My family is okay for now, and I am actually enjoying my suddenly ‘chill’ schedule with my one year old and my wife. I’m confident the work will pick back up when this is all over, whenever that is.
I feel much more for the many business owners who had much more at stake with lots of other people’s livelihoods dependent on their own. You won’t catch me complaining too much about my situation. Though I am happy if people want to buy my album.
Last year on Opening Day, Bobby missed his gig at Petco Park. He had a pretty good excuse: his wife was giving birth to their daughter. I asked him what he remembers about that day.
What memories stand out about the day my daughter was born?! Are you serious? Everything stands out.
Me waking up on Opening Day and finding my wife wasn’t in bed but was downstairs doubled over doing the breathing exercises we’d learned in class.
Me texting the game day producer and saying ‘listen I’m not sure if I should come but maybe I should’ and her INSISTING I do not come.

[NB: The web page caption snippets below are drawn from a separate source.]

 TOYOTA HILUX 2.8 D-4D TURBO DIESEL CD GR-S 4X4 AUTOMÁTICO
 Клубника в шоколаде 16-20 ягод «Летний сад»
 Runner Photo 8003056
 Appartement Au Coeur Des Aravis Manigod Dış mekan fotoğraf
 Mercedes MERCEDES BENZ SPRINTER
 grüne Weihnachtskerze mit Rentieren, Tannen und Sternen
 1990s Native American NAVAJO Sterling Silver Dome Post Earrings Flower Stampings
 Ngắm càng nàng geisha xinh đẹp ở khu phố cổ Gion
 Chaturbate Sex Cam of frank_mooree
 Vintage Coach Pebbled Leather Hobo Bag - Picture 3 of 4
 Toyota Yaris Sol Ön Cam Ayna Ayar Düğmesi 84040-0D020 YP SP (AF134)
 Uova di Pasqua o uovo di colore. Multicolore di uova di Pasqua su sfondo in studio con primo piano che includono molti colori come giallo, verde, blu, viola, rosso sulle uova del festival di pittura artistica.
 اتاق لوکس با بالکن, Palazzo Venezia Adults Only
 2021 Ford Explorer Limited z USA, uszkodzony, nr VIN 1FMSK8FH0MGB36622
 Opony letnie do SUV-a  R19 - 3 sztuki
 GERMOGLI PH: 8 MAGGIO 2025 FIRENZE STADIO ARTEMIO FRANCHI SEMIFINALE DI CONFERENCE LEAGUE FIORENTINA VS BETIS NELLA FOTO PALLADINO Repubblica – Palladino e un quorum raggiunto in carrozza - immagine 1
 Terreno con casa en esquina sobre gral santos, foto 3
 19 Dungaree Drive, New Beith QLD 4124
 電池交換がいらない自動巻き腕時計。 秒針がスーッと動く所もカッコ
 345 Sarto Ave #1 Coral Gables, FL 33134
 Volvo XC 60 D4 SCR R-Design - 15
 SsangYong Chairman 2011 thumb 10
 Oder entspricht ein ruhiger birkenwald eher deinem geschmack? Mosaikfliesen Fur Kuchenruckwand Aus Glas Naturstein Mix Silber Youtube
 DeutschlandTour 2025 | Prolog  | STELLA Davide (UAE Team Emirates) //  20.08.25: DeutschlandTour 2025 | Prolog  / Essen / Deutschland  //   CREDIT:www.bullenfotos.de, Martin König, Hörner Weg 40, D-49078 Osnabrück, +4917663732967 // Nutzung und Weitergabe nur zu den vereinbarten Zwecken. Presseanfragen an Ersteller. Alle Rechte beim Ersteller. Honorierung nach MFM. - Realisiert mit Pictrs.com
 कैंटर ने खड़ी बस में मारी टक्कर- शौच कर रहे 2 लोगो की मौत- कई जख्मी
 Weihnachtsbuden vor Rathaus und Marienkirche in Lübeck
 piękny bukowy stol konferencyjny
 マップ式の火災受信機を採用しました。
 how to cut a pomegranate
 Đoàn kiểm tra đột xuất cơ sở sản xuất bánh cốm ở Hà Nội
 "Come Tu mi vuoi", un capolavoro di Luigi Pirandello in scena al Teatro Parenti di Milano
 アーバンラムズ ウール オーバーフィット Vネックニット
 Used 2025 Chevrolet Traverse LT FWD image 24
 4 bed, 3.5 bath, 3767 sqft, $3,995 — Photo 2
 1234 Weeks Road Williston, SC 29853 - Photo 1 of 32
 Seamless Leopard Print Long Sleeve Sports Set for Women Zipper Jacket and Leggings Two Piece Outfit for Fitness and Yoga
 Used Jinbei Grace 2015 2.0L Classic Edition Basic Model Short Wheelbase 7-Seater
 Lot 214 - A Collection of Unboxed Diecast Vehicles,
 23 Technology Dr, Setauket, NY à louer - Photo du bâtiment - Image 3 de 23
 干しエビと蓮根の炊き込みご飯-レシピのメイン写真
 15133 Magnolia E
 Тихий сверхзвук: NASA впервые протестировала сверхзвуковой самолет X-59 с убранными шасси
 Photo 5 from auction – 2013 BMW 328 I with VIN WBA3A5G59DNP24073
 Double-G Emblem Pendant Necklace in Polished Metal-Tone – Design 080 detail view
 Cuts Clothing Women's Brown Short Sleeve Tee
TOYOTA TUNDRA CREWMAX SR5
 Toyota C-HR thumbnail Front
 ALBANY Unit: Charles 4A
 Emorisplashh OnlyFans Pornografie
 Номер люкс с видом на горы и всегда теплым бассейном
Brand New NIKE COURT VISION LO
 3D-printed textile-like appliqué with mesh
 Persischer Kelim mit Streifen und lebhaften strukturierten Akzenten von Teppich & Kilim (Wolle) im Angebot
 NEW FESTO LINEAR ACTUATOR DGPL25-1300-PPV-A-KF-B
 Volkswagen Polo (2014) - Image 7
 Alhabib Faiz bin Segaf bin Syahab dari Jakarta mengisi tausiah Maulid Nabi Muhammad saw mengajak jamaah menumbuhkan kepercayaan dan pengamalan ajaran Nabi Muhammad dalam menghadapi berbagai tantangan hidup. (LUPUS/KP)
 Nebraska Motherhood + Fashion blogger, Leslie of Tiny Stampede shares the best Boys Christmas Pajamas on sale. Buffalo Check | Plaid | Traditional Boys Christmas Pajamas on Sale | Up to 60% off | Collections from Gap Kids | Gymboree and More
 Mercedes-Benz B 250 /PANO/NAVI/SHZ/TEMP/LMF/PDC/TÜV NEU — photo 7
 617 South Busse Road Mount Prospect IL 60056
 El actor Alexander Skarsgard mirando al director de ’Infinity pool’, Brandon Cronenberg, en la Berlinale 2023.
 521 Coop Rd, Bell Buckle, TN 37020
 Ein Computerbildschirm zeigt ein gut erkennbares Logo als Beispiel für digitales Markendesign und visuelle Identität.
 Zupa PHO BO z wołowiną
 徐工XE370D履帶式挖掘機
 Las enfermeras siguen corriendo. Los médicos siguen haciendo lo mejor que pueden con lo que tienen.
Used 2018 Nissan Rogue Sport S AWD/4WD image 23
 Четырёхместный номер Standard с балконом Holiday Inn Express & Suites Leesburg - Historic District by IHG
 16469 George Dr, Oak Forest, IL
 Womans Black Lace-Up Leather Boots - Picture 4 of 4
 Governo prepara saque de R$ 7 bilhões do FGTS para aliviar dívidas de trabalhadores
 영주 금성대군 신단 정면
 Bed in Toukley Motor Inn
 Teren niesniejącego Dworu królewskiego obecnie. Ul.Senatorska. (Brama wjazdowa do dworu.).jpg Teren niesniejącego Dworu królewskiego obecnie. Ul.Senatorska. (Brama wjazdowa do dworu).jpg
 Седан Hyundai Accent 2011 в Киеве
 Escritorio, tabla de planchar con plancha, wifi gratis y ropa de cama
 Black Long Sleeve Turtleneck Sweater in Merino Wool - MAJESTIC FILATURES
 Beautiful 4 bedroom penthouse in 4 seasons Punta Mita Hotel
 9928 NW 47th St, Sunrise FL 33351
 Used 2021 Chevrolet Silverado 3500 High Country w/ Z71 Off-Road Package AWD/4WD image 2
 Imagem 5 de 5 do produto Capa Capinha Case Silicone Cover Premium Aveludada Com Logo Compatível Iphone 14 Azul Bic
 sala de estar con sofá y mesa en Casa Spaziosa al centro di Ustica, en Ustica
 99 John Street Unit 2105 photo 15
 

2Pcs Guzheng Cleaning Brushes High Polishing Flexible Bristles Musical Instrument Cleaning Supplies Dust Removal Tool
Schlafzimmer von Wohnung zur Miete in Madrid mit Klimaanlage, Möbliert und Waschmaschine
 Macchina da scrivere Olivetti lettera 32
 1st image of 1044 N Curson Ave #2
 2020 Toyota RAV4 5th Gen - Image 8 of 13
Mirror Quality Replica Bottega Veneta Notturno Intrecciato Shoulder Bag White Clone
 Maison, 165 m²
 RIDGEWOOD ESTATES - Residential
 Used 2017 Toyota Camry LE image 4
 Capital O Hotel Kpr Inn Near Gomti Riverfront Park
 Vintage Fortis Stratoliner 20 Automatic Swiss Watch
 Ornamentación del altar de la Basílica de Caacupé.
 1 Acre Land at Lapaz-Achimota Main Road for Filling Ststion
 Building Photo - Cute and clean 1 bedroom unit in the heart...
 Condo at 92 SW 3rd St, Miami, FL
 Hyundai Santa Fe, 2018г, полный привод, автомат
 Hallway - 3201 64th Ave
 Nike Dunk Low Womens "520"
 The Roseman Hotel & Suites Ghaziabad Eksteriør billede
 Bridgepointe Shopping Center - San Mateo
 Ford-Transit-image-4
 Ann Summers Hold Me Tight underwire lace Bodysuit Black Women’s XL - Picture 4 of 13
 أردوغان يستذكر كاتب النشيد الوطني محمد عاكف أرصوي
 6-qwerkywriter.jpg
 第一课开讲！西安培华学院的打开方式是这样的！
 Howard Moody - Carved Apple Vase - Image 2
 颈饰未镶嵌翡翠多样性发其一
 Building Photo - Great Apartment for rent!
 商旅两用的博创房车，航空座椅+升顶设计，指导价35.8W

Lots of wonderful messages of encouragement and the insane miracle of my daughter coming into this world.
This year is different, of course. Like all of us, Bobby was looking forward to being part of the pomp and circumstance of Opening Day.
I love being a tiny cog in a bigger machine that is a Major League Baseball game.
Every game is a giant production involving months of planning, from police directing traffic to the guy who has been making cotton candy since 7 AM to the ticket agents and guest service people to the anthem singer, the person telling the anthem singer to be in the right place at the right time.
And then there’s me, the guy that plays the organ. I have my own small and silly role, but I am nonetheless part of it. For some few minutes each game I get to play something for all of those people’s ears.
I love that I somehow hoodwinked the universe into it being okay for me to go watch baseball in the middle of a weekday and get paid to play music there.